TASK GOAL - Take the lines from the line containing "Przenośna zgrzewarka indukcyjna, super" through the end of the entries and output them exactly, with no pictures and nothing more.

Data extracted from a collection:
"""
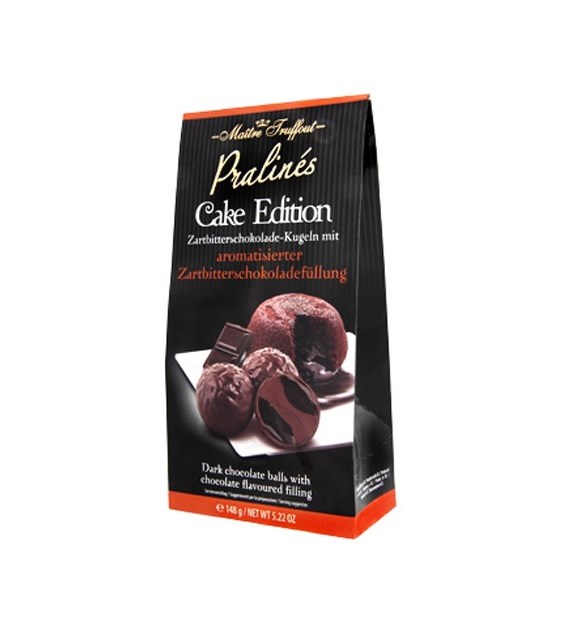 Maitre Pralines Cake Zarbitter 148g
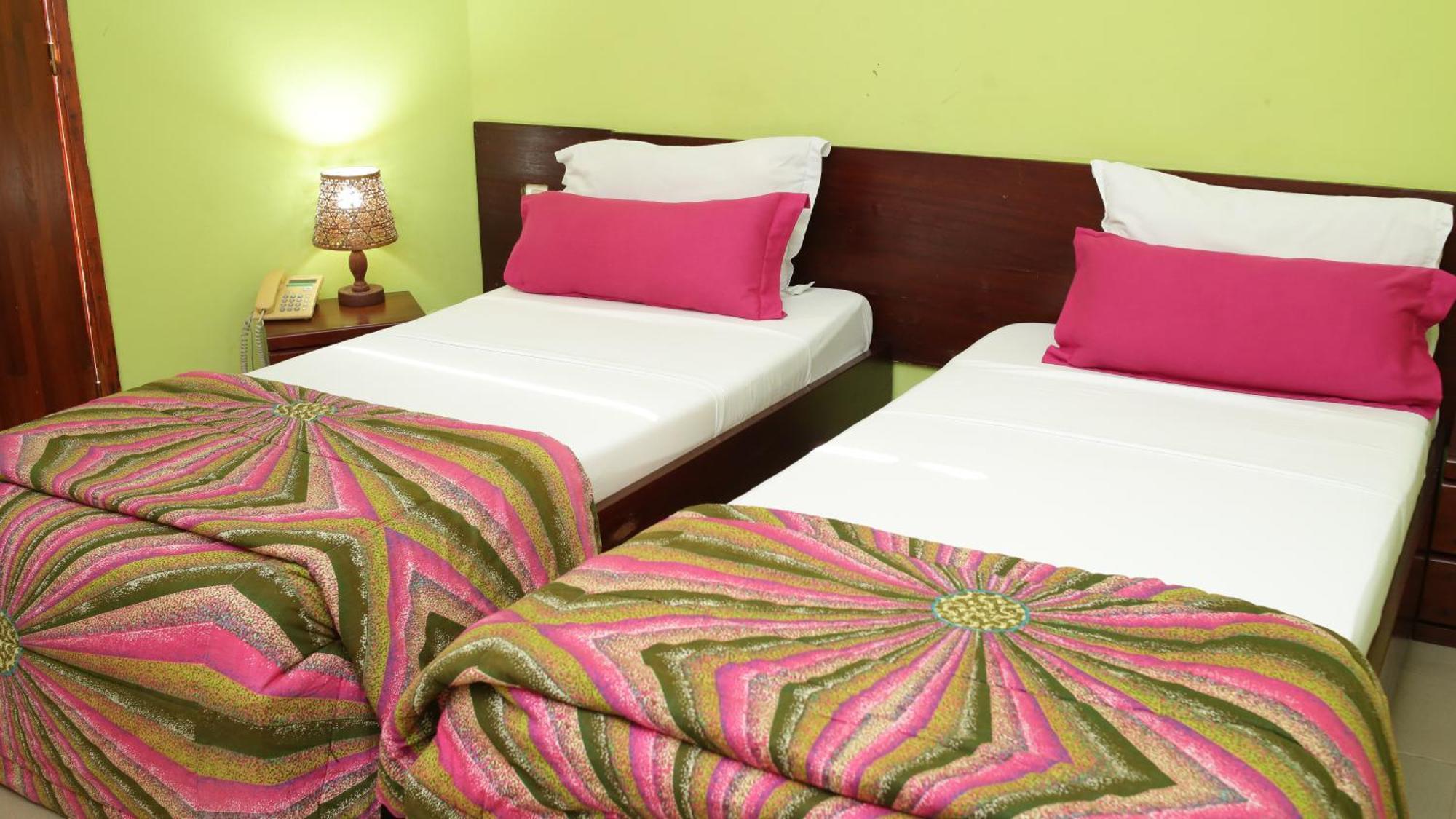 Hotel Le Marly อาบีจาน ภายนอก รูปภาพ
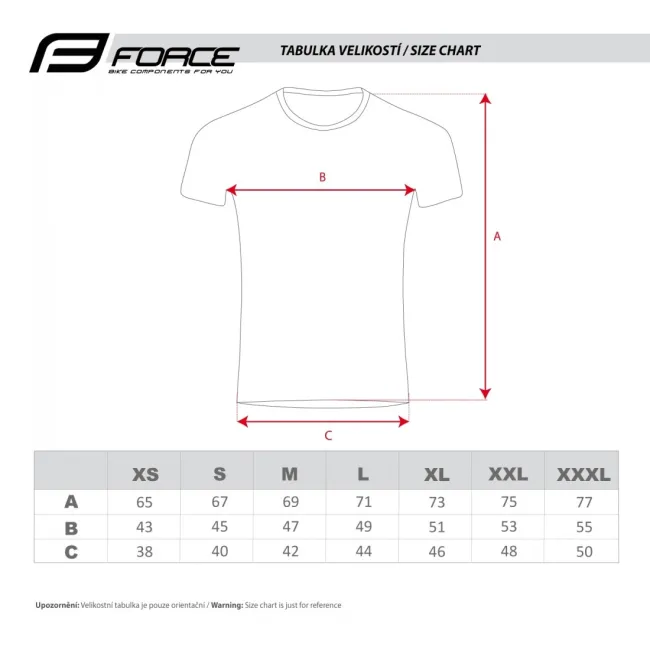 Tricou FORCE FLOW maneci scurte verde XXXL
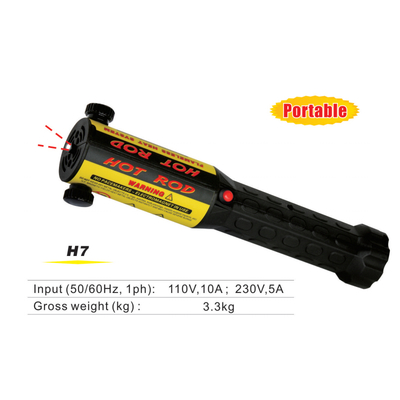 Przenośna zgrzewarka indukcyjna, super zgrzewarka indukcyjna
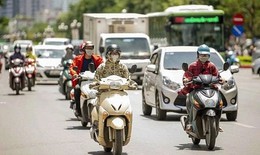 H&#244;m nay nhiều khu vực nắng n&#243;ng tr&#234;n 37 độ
"""
OUTPUT OF THE TASK -
 Przenośna zgrzewarka indukcyjna, super zgrzewarka indukcyjna
 H&#244;m nay nhiều khu vực nắng n&#243;ng tr&#234;n 37 độ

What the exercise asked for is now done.